Als LINKE setzen wir uns dafür ein, dass alle Kernaufgaben der Gedenkstätten – also das Erinnern, Aufklären, Vermitteln und Forschen –durch eine finanziell und personell gut ausgestattete institutionelle Förderung auf allen Ebenen abgesichert werden.
Das Gedenken darf nicht nur die Opfer im Blick haben, sondern muss auch die Verantwortung des Naziregimes und einer übergroßen Mehrheit der Deutschen für Verfolgung und Millionenfachen Mord klar und deutlich benennen. Diese Verbrechen sind in der Menschheitsgeschichte singulär und daher auch von gesellschaftlichen Entwicklungen nach der Befreiung vom Faschismus eindeutig zu unterscheiden.
Wichtig erscheint mir auch eine Regionalisierung des Erinnerns. Obwohl scheinbar ausreichend Literatur zur NS-Zeit sowie zur Geschichte der Konzentrationslager vorhanden ist, gibt es noch immer eklatante Forschungslücken, etwa bei der Beantwortung der Frage, wie „ganz normale Menschen“ unter bestimmten gesellschaftlichen Umständen zu schweigend Zustimmenden, Mitlaufenden oder gar aktiv Handelnden werden und am Ende Mitverantwortung für Taten mit Millionen von Toten haben. Lokale Initiativen des Gedenkens an den Holocaust, die Einzelschicksale mit konkretem lokalem und/oder familiärem Bezug aufarbeiten, machen die Nazi‐Verbrechen und ihre Folgen gerade jungen Menschen anschaulich.

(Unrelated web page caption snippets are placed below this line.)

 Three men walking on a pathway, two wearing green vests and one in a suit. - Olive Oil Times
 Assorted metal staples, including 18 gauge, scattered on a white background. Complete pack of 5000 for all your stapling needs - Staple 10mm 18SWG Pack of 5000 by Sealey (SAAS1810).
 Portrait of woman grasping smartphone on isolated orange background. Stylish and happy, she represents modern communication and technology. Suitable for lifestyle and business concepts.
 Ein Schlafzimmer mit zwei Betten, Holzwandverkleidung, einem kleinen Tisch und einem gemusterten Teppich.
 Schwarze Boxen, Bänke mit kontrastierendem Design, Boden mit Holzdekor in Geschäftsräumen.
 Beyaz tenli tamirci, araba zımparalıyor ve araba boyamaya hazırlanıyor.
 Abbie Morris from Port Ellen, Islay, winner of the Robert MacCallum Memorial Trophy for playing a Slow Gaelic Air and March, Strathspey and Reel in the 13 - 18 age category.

Kenntnisse über die Vielfalt der jüdischen Geschichte und Kultur, über ihren Einfluss auf die Entwicklung der abendländischen Kultur in Europa, sind insbesondere für Schüler wichtig, um die Dimension und die gesellschaftlichen Auswirkungen dieses Völkermords begreifen zu können. Und sie sind zugleich wichtig für das Verständnis des heutigen Judentums und für unser Zusammenleben.

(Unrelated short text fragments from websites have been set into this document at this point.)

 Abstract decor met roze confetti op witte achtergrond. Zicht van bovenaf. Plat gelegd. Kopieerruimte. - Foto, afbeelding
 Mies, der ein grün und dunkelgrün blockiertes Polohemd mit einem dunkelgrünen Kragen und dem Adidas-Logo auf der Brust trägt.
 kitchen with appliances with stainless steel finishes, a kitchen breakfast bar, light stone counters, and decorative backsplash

Eine besondere Herausforderung liegt sicher auch darin die Erinnerung an die NS-Verbrechen in der Einwanderungsgesellschaft zu vermitteln. Der Nationalsozialismus und der Holocaust werden oft als – wenn auch negative – Nationalgeschichte unterrichtet. Dadurch können sich Migrantinnen und Migranten gar nicht richtig angesprochen fühlen. Entscheidend ist doch aber, die Geschichte des Nationalsozialismus zu kennen – und zwar unabhängig von der jeweils individuellen Herkunfts- oder Familiengeschichte.

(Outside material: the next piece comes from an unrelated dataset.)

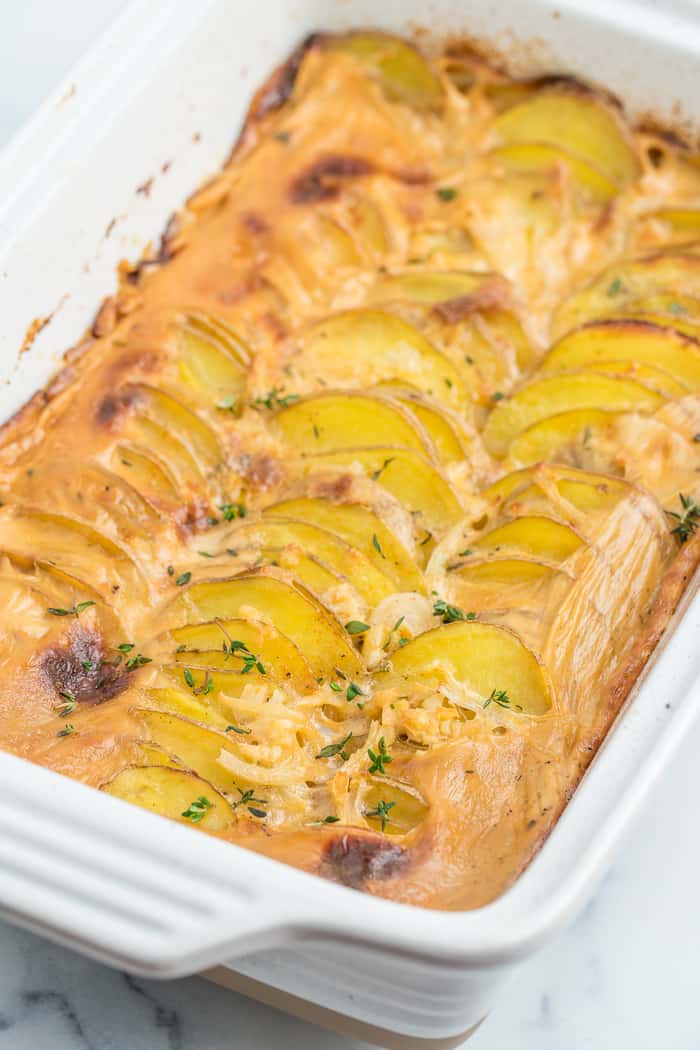 a white baking dish of gluten-free scalloped potatoes topped with thyme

Der Schriftsteller Navid Kermani hat dazu 2017 sehr treffend formuliert: „Man braucht Einwanderer oder ihre Kinder und Kindeskinder nicht als erinnerungspolitischen Störfall zu behandeln. Die Frage, wie eine Vergangenheit gegenwärtig bleibt, wenn die biographischen Bezüge fehlen, stellt sich ebenso, wenn diese Bezüge sich allmählich auflösen, wie wenn es sie nie gab. (…) Schwieriger zu vermitteln wird es künftigen Deutschen sein, Auschwitz nicht nur als Menschheitsverbrechen, sondern als eigene Geschichte zu begreifen (…).“
Zukünftig sollte deshalb meines Erachtens noch viel mehr auf die Herausarbeitung und Vermittlung der Mechanismen der NS-Zeit anhand aktueller Probleme wie Fremdenfeindlichkeit und Ausgrenzung hinarbeiten. Denn heute geht die größte Form der Demokratiegefährdung nicht von Männern in schwarzen Uniformen aus, sondern vor allem von Erosionsprozessen innerhalb demokratischer Verfahren, vom Ausschluss vieler, von zunehmender sozialer Ungleichheit, zunehmendem Rassismus, gesellschaftlichen Auflösungsprozessen oder Angriffen auf parlamentarische Verfahren. Aber auch von Sicherheitsbehörden und Internetkonzernen, die systematisch Überwachungsstrukturen etablieren.